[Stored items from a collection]

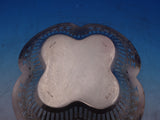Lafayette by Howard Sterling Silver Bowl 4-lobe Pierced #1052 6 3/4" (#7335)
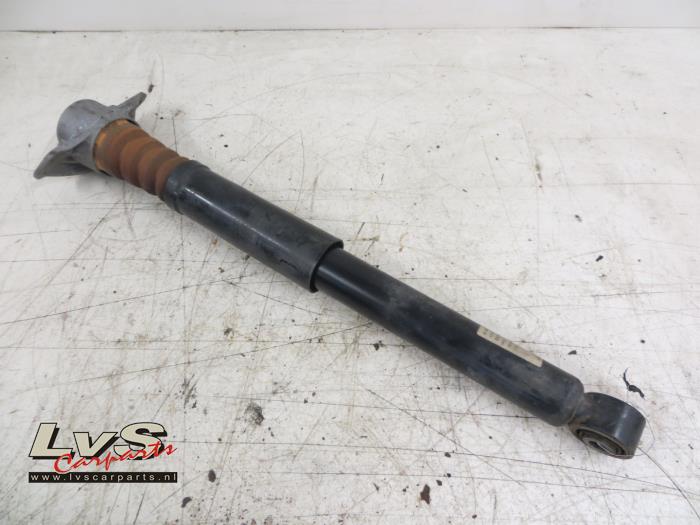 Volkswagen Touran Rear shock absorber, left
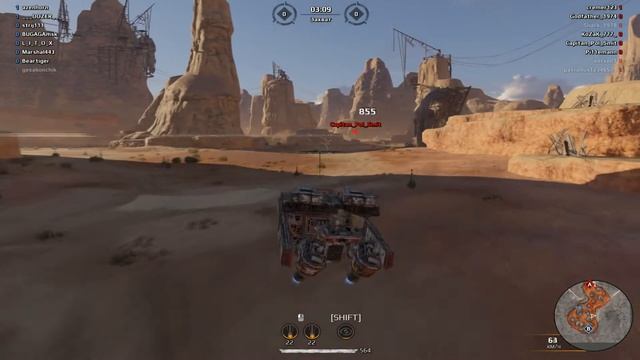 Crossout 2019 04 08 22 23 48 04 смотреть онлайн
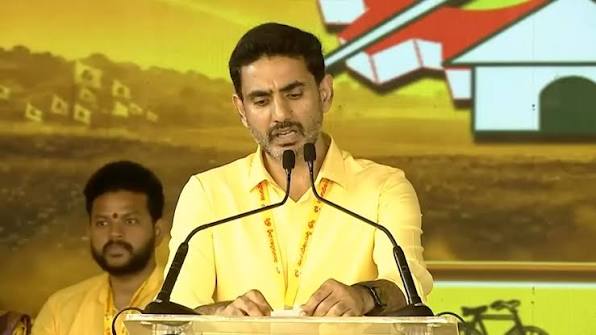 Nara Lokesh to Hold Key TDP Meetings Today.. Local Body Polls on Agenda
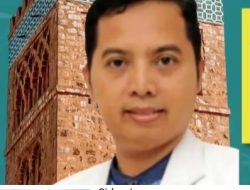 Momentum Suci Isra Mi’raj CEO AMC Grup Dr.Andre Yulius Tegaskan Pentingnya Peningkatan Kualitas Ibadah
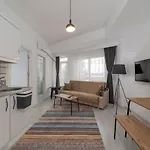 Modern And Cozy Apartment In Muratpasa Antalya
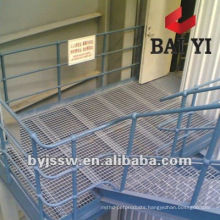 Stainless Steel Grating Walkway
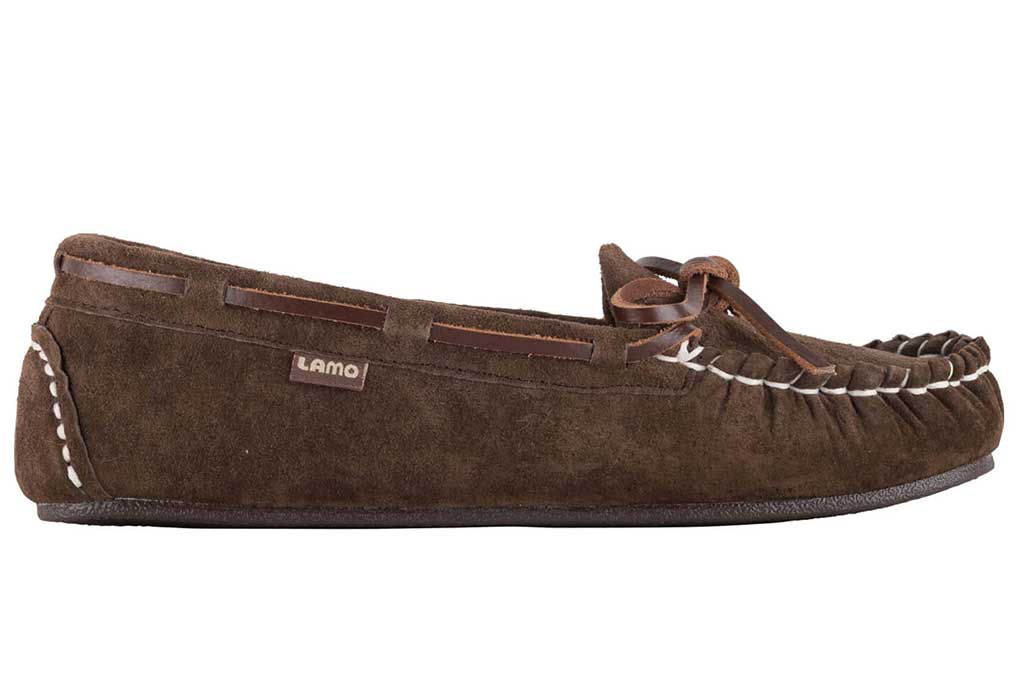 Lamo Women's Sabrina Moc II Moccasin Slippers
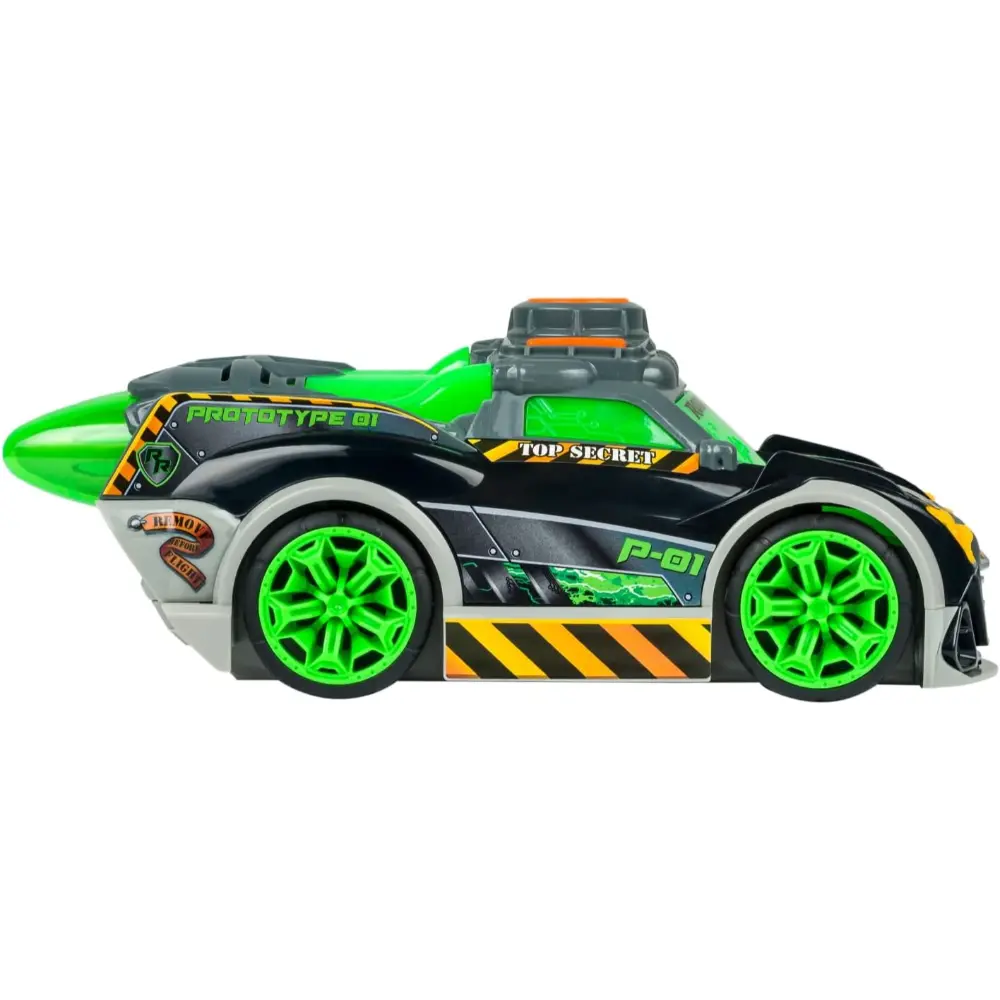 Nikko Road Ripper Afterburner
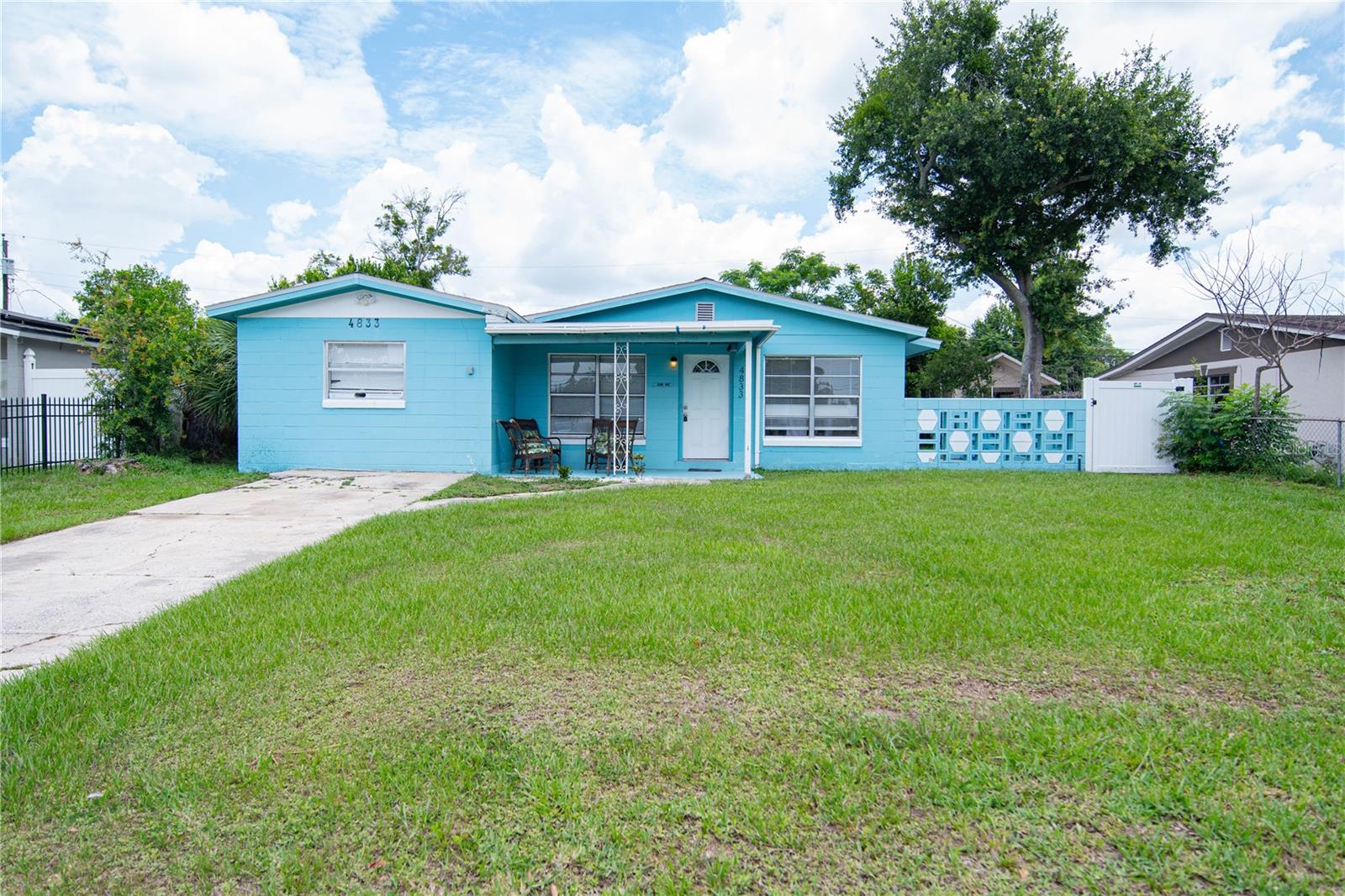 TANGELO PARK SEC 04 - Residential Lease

> DESCRIPTION OF THE TASK
Leave the pictures out, and restate exactly the lines from the start of the records through the one that contains "Stainless Steel Grating Walkway".

> ANSWER SECTION
Lafayette by Howard Sterling Silver Bowl 4-lobe Pierced #1052 6 3/4" (#7335)
 Volkswagen Touran Rear shock absorber, left
 Crossout 2019 04 08 22 23 48 04 смотреть онлайн
 Nara Lokesh to Hold Key TDP Meetings Today.. Local Body Polls on Agenda
 Momentum Suci Isra Mi’raj CEO AMC Grup Dr.Andre Yulius Tegaskan Pentingnya Peningkatan Kualitas Ibadah
 Modern And Cozy Apartment In Muratpasa Antalya
 Stainless Steel Grating Walkway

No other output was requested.